Dormer Loft Conversion Specialists London
One of the more popular types of loft conversion that we specialise in at Creative Spaces London is the Dormer Loft conversion. A dormer loft conversion is an extension of the existing loft and projects vertically from a sloping roof. This type of conversion creates additional floor space and headroom within the property. Internally, a dormer conversion has vertical walls with a horizontal ceiling.
Dormers such as the flat-roof dormer often add the maximum amount of additional space possible to a property, which in turn presents the owner with greater flexibility over its end use. It is also the best use of space particularly for a semi-detached or terraced house and is ideal in London where sometimes the only option is to go upwards!
In addition to the flat roof style of dormer we can also create gable front and hipped roof dormers, these can make a property look more attractive from the outside, however the compromise is space inside. This type of conversion is pitched and give slightly less floor space. In most cases, you don’t need to apply for planning permission for a dormer loft conversion. Structurally it doesn’t dramatically change the exterior of your home so may fall under permitted development.
A dormer loft conversion can vary in price and be dependent on how it is fitted out, such as whether a bathroom is included or not. With a standard specification loft it usually takes between 6 and 8 weeks to complete. One thing to consider with any loft conversion is that you will need to put a party wall agreement in place with your neighbour(s) because your work will be cutting into the party wall for structural beams and raising the party wall to construct the dormer. This primarily applies to semi-detached or terraced houses.
What regulations do I need to look out for?
It is vital that all works are compliant with the most up to date building regulations. Once the designs and engineering details are complete then the project must be registered with building control. An inspection is typically carried out at the beginning of the build process and again at the end. Once it has been deemed by building control as being compliant, they will issue a Final Certificate.
All the regulations sound daunting, but this is something we guide you through and do all the administrative work for. We take the pressure off and do this work for you as part of the service we offer.
Types of Dormer Loft Conversion
There are a number of ways to convert your loft with a Dormer loft conversion. Types of Dormer conversion that we can provide include:
The most common type of dormer conversion, the roof of this dormer is a single flat plane that pultrudes out horizontally from the roof of the building, creating additional internal space to the front or rear of the property.
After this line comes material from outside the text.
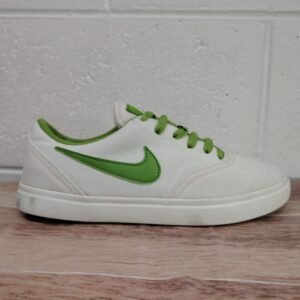 Nike. Talla 8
The roof covering is generally one of three types – Felt, rubber of GRP.A felt dormer roof covering is sheets of felt fused to a plywood deck using a flame (a technique known as ‘torch on’'). A lot of builders prefer this method as it is tried and tested and they know how it works best. However, the disadvantage is the risks associated with the use of fire and gas and it is not seamless; there are visible overlaps with the sheets of felt.
GRP or fibre glass roof covering has become quite popular as it looks very well with no seams or visible joint lines and is applied in liquid form (usually by brush). It is also somewhat safer to apply then a felt roof as it cures as part of a chemical process that doesn’t require flame. The finished look is quite sleek with neat edges and details and a seamless finish. The downside is that it requires a reasonable weather window to apply; it needs dry weather and a specific temperature range to install. Generally, installers will insist on a tin roof to apply this type of roof covering. It is also messy and emits a strong odour which makes it disagreeable to work with.
The third type of roof covering is rubber sheets. One single large rubber sheet is glued down to a plywood deck of the roof. The advantage is that it avoids having any joint lines. However, around corners the sheet will have to be cut and folded to create some joints that may look untidy and some of the detail may look saggy. That said, it is relatively easy to install.
This is another common type of dormer conversion; it has a simple pitched roof that is composed of two sloping planes. These planes are supported by a frame that is raised vertically, which creates a triangular section below the roofline. A gable dormer can be finished in various materials; a brick finish is generally the most expensive type as it takes longer to do. Bricks are matched to the existing brick wall below. The second type of finish is block gable. These are quicker and cheaper to put up then bricks but need to be finished with render or cladding. Most commonly this is done on houses that already have a render finish. By far the quickest and cheapest option is a timber framed gable. The finish on the outside is typically hanging tiles or slate.
This type of dormer conversion has a roof that is composed of three sloping planes that rise from each side of the dormer frame and then converge at the ridge, this creates a more subtle appearance. Generally, for end of terrace or semi-detached houses, a hip to gable dormer is possible. This is where the roof is extended out the sloping side to the end of the gable wall replacing the sloping roof with a vertical wall at the end to the same height as the roof ridge. This type of loft conversion maximises floor space and head height.
L- Shaped Dormer
This is particular to terraced or semi-detached houses that already have a rear extension that is an original part of the building. This rear addition typically houses the kitchen on the ground floor and a bathroom and bedroom on the first floor. In some cases, in addition to the dormer loft conversion, there is a further dormer conversion on the rear addition. This can create an extra bedroom in the loft conversion, where you can gain up to three new rooms in the loft conversion.